ODC EP 013 Index Driver API cleanup

Paul Haesler edited this page Jan 18, 2024 · 21 revisions

Overview

This EP is a proposal for a cleanup and rationalisation of the Index Driver API (i.e. the API that a new index driver is required to implement).

Details how backwards incompatibility and migration will be handled from 1.8 through 1.9 to 2.0.

Proposed By

Paul Haesler (@SpacemanPaul)

State

  • In draft
  • Under Discussion
  • In Progress
  • Completed
  • Rejected
  • Deferred

Motivation

The index driver API has evolved organically over time, mostly in an environment where there was only one index driver implementing it.

Now that there are multiple index drivers (and vague plans for more), the technical debt accrued during this ad hoc growth and evolution is starting to present unnecessary obstacles to both the development of future index drivers and the maintenance of existing drivers.

The aim of this EP is to simplify and minimise the effort required to implement a new index driver, and to allow the codebases for existing index driver to be cleaned up and simplified.

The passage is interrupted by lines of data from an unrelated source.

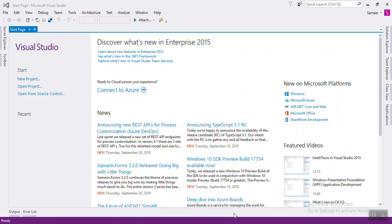Hello everyone. Today we are going to discuss about output caching. The main purpose of using output caching is to dramatically improve the performance of an ASP.NET MVC application. It enables us to cache the content written by any controller method so that the same content does not need to be generated each time the same controller method is invoked. Output caching has huge advantages such as it reduces server roundtrips, reduces database roundtrips, and reduces network traffic.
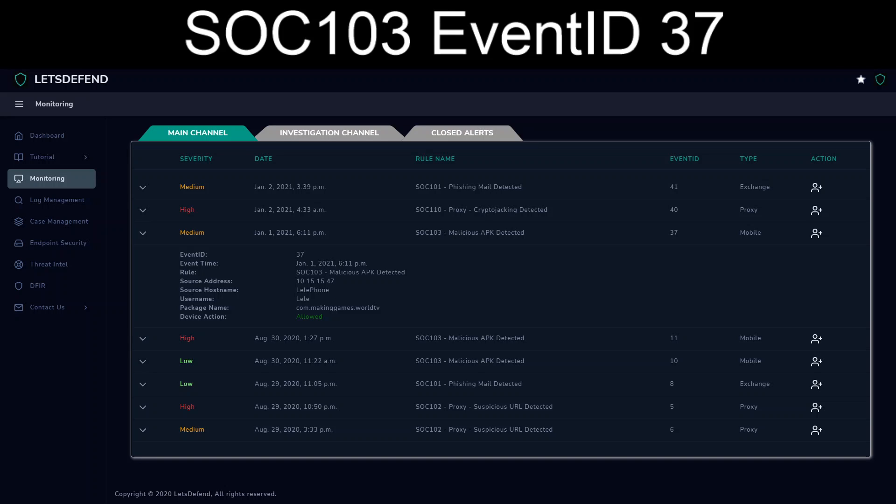Hello and welcome back to our continuation of the Let's Defend Platform Exercises. Today we're going to tackle the Medium Severity Alert dated January 1, 2021, 6:11 PM. It is a SOC 103 malicious APK detected with an event ID of 37.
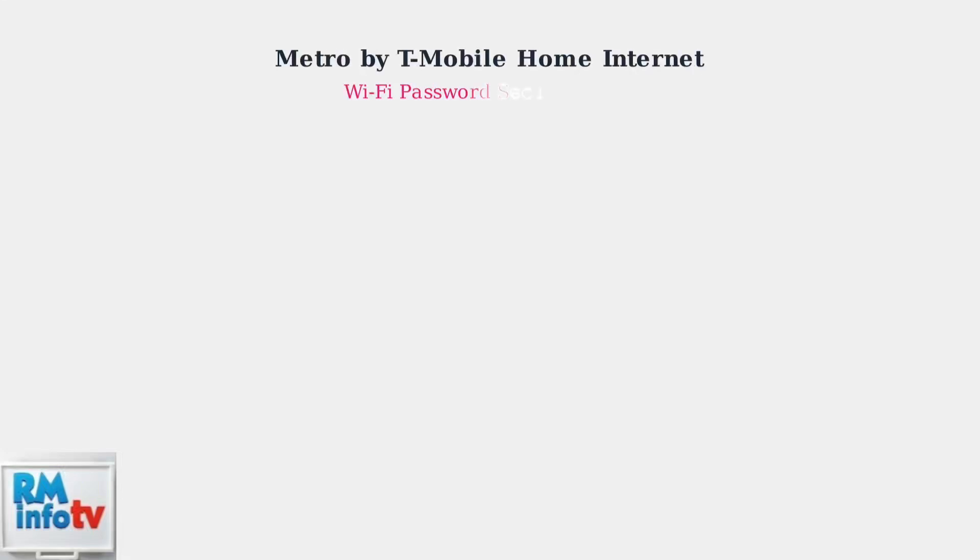It's vital to change your default Wi-Fi password for better security. This video shows you how to update it using either the T-Mobile Home Internet app or a web browser.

Wherever possible, new methods will be introduced and old methods deprecated in 1.9.x releases, with deprecated methods removed in 2.0.x releases. Backwards compatibility between 1.8.x and 1.9.x releases will be preserved where possible (apart from deprecation warnings).

Proposal

1. AbstractIndexDriver

In 1.8, AbstractIndexDriver defines two abstract methods:

  • connect_to_index: Simply calls from_config() from the driver's AbstractIndex implementation.
  • metadata_type_from_doc: Builds an unpersisted MetadataType model from an MDT document (i.e. a dictionary). Essentially a duplicate of the from_doc() method on the Metadata Resource (see below).

Proposal:

  • index_class: New abstract method, returns the driver's AbstractIndex implementation. (1.9)
  • connect_to_index: no longer abstract. Calls self.index_class().from_config(...) directly (1.9)
  • metadata_type_from_doc: Deprecate in 1.9, remove in 2.0 - recommend migration to index.metadata_types.from_doc()

2. AbstractIndex

2a. Boolean "supports" flags

AbstractIndex defines a set of boolean flags which implementations can override to specify which parts of the API they support.

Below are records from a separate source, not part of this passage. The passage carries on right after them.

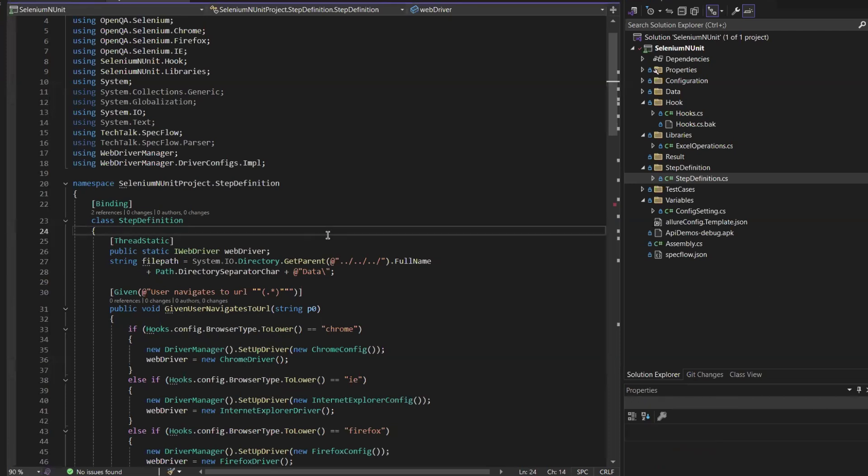Hello everyone and welcome back to Maximum Automation. As we discussed in our last video, SpecFlow is deprecated and we now need to migrate to Reqnroll. To continue with our existing approach, today I'm going to show you how we can migrate from SpecFlow to Reqnroll.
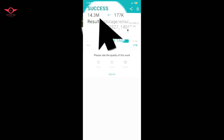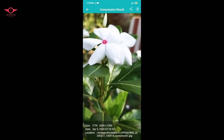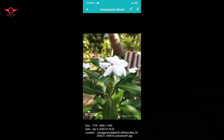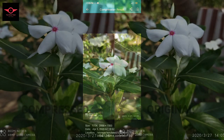The size of the 14.3MP photo has been converted to 177KB. The 14.3MP has been converted to 177KB. If they take photos, they will be able to get their photos.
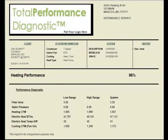The Performance Diagnostics Client Report contains the same information as the technician's worksheet. The report information, however, is reformatted to present your company as a professional organization and to better communicate system performance to the client. Your clients will love the clarity and level of detail included in the client report.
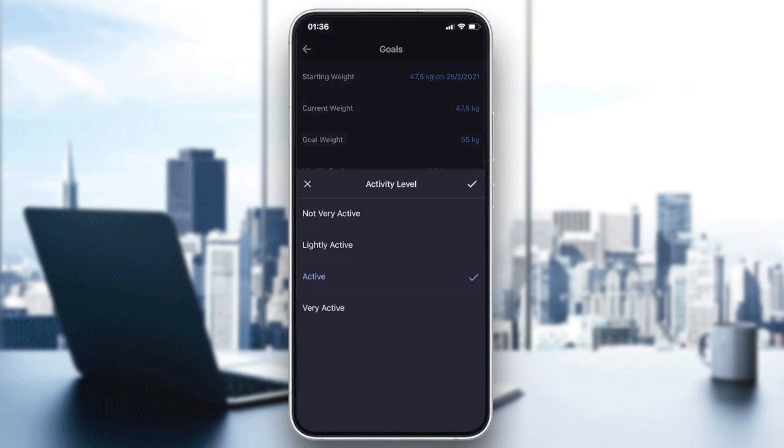In here you can determine your activity level by choosing which is your activity level. Not very active, which means no activity or you are doing one day workout per week.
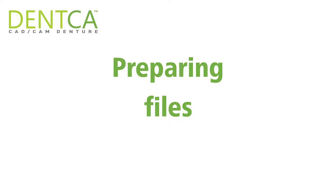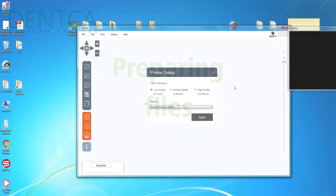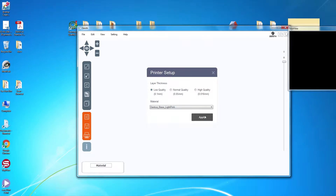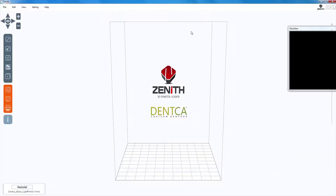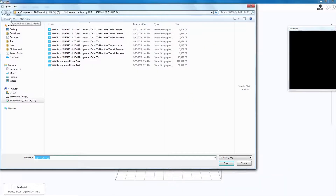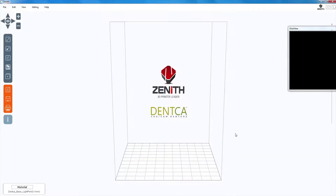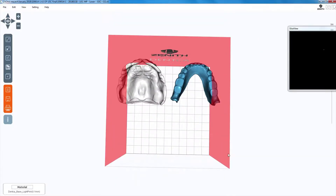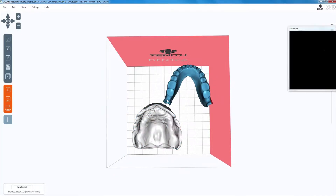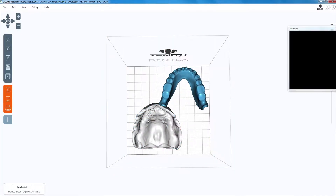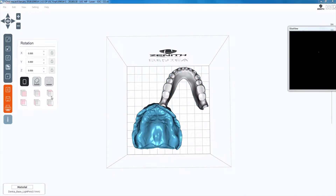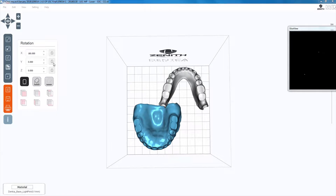Preparing the files. Once Zenka has designed your case, they will send the design files back to you. Download the files into the computer you'll be doing printing on and open up the Denka Zenit software. Open up the files by clicking on open and then select the desired files. It is important to ensure that they fit within the square. You can move the denture bases around to ensure they fit within the building plate.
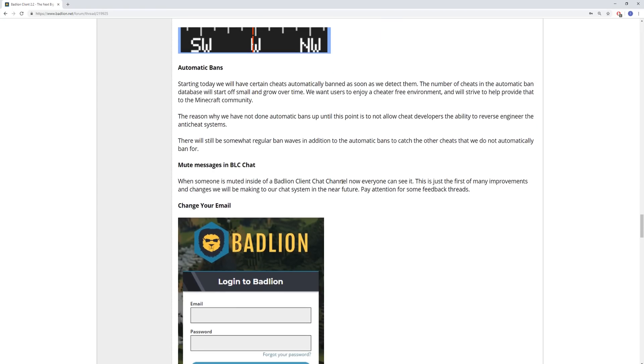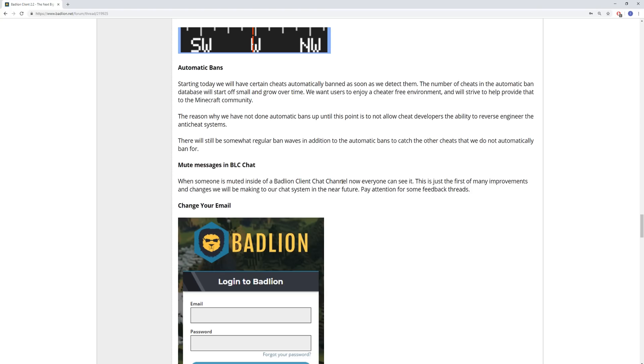So, starting today, we will have certain cheats automatically banned as soon as we detect them. The number of cheats in the automatic banned database will start off small and grow over time. We want users to enjoy a cheater-free environment, and we'll strive to help provide that to the Minecraft community. The reason we have not done automatic bans up until this point is to not allow cheat developers the ability to reverse-engineer the anti-cheat systems. There will still be somewhat regular ban waves in addition to the automatic bans in order to catch the other cheats that we do not automatically banned for.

The supports flags are relatively recent (introduced in 1.8.8, October 2022) and are only relevant to users working with different index drivers and developers of new drivers. Strict backwards compatibility is therefore not a driving concern in this case, but backwards incompatible changes are noted.

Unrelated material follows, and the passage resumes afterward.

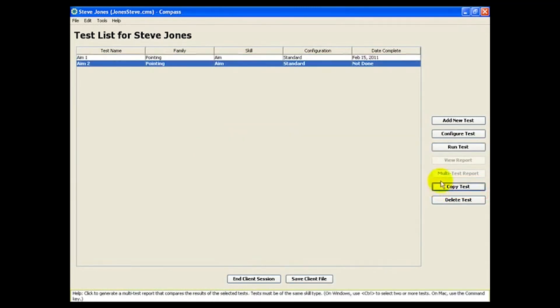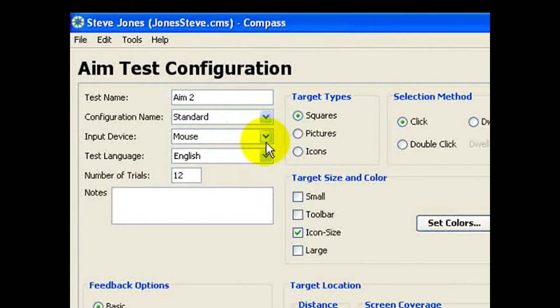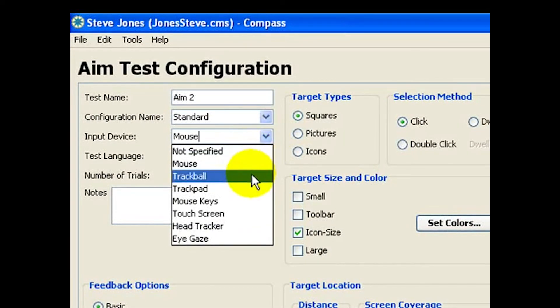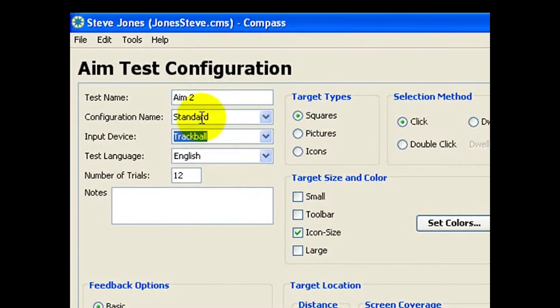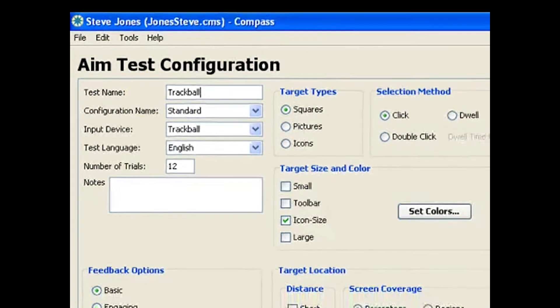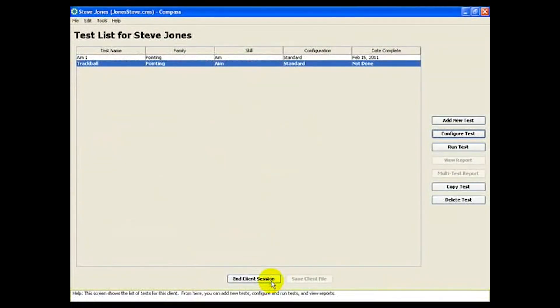Let's configure the new AIM test to show the use of the trackball. When Steve's ready, run the new test.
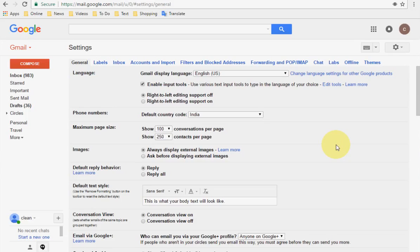Hi there, welcome back again, hope you all are doing well. I'm MJ. In this video I will show you how to transfer all your emails and contacts from one Gmail account to another Gmail account. For example, you created a new Gmail account and you want to bring or take a backup of all your previous Gmail account's emails and messages or contacts.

The basic concept seems sound, but this is an opportunity to cleanup and formalise.

Defaults

In 1.8, some flags default to True and some to False, and implementing indexes have to explicitly set only which flags differ from the default.

From 1.9, all flags will default to False. All index implementations must explicitly set flags for all features they support.

Metadata type support flags

These flags indicate which metadata types the index supports. supports_vector is a new addition, the rest already exist in 1.8 - e.g. this is how the postgis driver advertises that it only supports EO3 compatible metadata.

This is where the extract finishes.